Lacunar infarcts: These are typically seen in hypertension and diabetes due to severe atherosclerosis of the deep penetrating branches of the major cerebral arteries. Lipohyalinosis, hyaline arteriosclerosis of small vessels, and aneurysm formation can occur. Lacunar infarcts cause small infarcts in the basal ganglia, thalamus, internal capsule, and brainstem. Multiple or recurrent lacunar infarctions can lead to dementia. They may present as pure motor or pure sensory (thalamic pain syndrome, etc.) strokes.

Watershed infarcts: Watershed infarcts occur at the junction of the distal fields of two non-anastomosing arterial systems.

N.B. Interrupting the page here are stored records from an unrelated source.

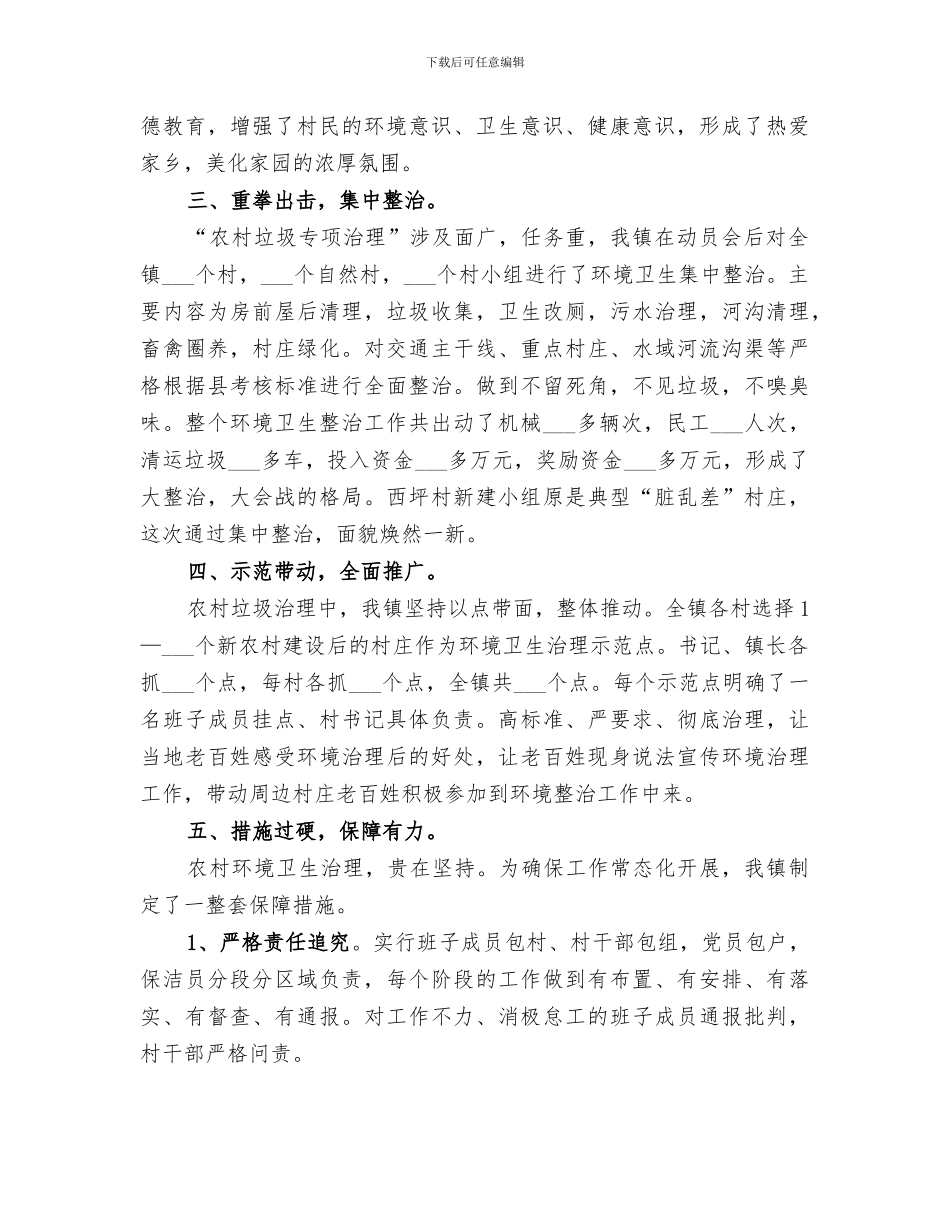 2024年农村垃圾治理专项总结范本_第2页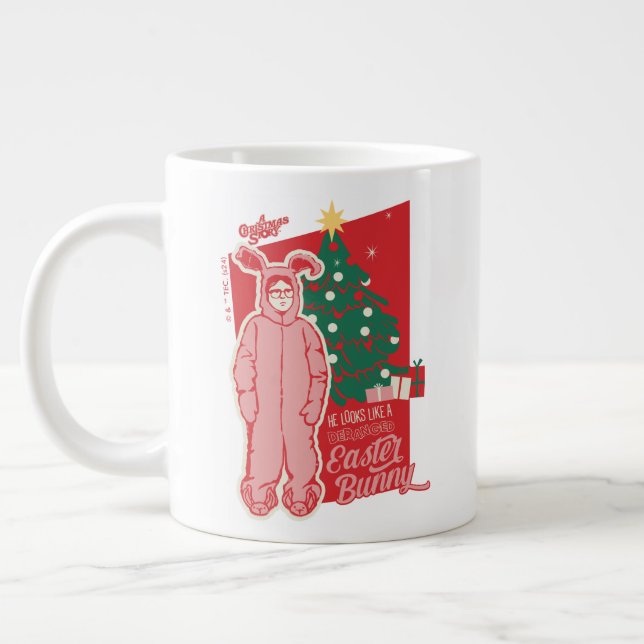 Eine Weihnachtsgeschichte | Deranged Oaster Bunny Jumbo-Tasse (Links)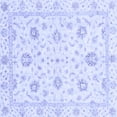 thumbnail image 1 of Ahgly Company Indoor Square Oriental Blue Modern Area Rugs, 8' Square, 1 of 4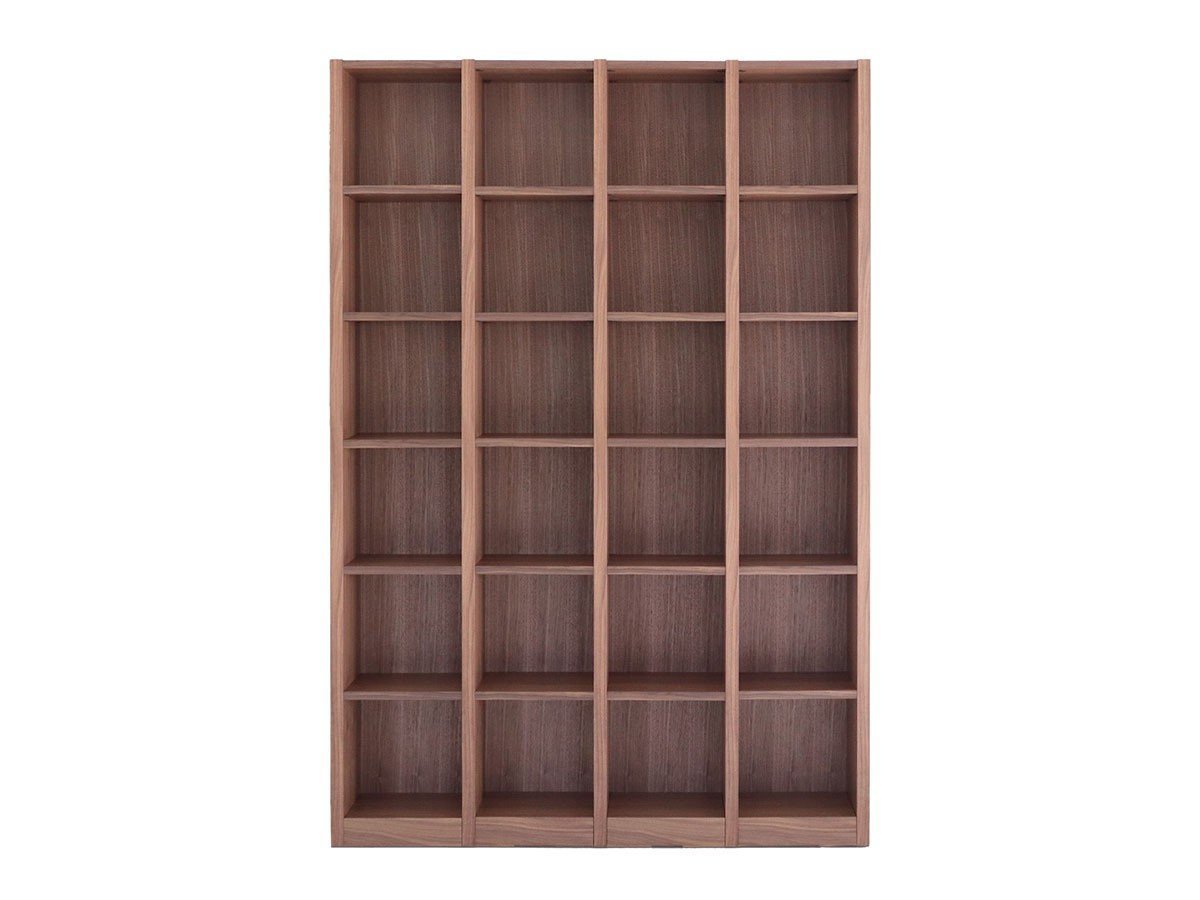 【フライミー ヴェール/FLYMEe vert / GOODS】のYSF SYSTEM SHELF / YSF システムシェルフ インテリア・キッズ・メンズ・レディースファッション・服の通販 founy(ファニー) 　シンプル　Simple, Minimal　スクエア　Square, Square Shape　雑誌　Magazine, Fashion Magazine　ホーム・キャンプ・アウトドア・お取り寄せ　Home Living / Home & Lifestyle / Camping Gear / Outdoor Camping　家具・インテリア　Home Furniture & Interior. Stylish & Functional Living Spaces　収納家具・キャビネット　Storage Furniture　シェルフ・オープンラック・収納棚　Open Shelf Rack　ウォールナット / ナチュラル(ウレタン塗装)、サイズ:6段4列|ID: prp329100004652124 ipo3291000000033617544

  • They can occur between the cortical territories of the ACA, MCA, and PCA (cortical watershed areas).
  • They can also occur in the white matter along and slightly above the lateral ventricle, between the deep and superficial arterial systems of the MCA, or between the superficial systems of the MCA and ACA (deep watershed areas).

Microemboli or hypotension (from any cause) can reduce perfusion pressure in cerebral arteries, leading to watershed zone ischemia and sometimes infarction. This risk is increased by stenosis in the cerebral arteries.

Watershed infarcts can present with syncope, episodic or progressive weakness of the hand, partial seizures, proximal upper and lower limb paresis (“man in barrel sign”), mood changes, and visual deficits. Bilateral, symmetrical watershed infarcts are seen in global ischemia and HIE.

**Hypoxic ischemic encephalopathy or HIE or global ischemia: **Global ischemia can result from hypovolemic shock, cardiac arrest, CO poisoning, hypoglycemia, severe anemia, and status epilepticus, etc.

Neurons require a steady supply of glucose and ATP (via oxidative phosphorylation) to meet their high metabolic demands. In global ischemia:

  • ATP production falls, leading to failure of the Na+K+ATPase pump.
  • Na+ influx causes cellular edema and cell death.
  • Membrane depolarization triggers glutamate release into the synaptic cleft.
  • Activation of NMDA and AMPA glutamate receptors causes Ca++ influx.
  • Increased intracellular Ca++ activates lytic enzymes and promotes free radical formation.

Severe HIE is accompanied by cerebral edema, and its effects are compounded by increased intracranial pressure. Cytotoxic (intracellular) edema develops early in the insult. Interstitial cerebral edema follows due to vascular injury. Cerebral atrophy can occur due to neuronal loss from apoptosis and necrosis.